According to an article in Health Data Management, the report—“Scope of the Legal Authority for the Office of the National Coordinator for Health Information Technology—includes analysis that suggests that ONC’s statutory role largely focuses on proposing “standards, implementation specifications, and certification criteria” that support several incentive programs that encourage, rather than require, private entities to adopt certified health information technology.
Furthermore, the report states that the HITECH Act, through which ONC was established, “specifically limits the authority provided under the Act, in that the statute cannot be construed to ‘require a private entity to adopt or comply with a standard’ proposed by ONC and promulgated by HHS.”
“I am concerned when the experts are telling me—both legal and otherwise—that this agency is going beyond its scope of authority, that this is a problem within this administration, and that we should be careful that we should have any agency moving forward without congressional authority,” Griffith told Burwell. “I’m going to ask you to . . . work with me to make sure that the ONC does not overstep its authority granted to it in legislation by this Congress.”

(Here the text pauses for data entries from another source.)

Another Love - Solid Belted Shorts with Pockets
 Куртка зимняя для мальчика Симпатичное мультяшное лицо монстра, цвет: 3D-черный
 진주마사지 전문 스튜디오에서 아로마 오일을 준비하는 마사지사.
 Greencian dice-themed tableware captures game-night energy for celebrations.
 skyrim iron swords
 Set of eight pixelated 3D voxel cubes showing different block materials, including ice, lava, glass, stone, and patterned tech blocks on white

An ONC spokesperson later told Health Data Management that the draft Nationwide Interoperability Roadmap it recently issued has an approach that “is in line with our FY 2016 Budget which describes how we will identify the rules of the road needed for information to flow. We believe the HITECH Act Section 3001 (c)(8) specifically provides ONC with the appropriate authority to establish a governance mechanism for that nationwide health information network.”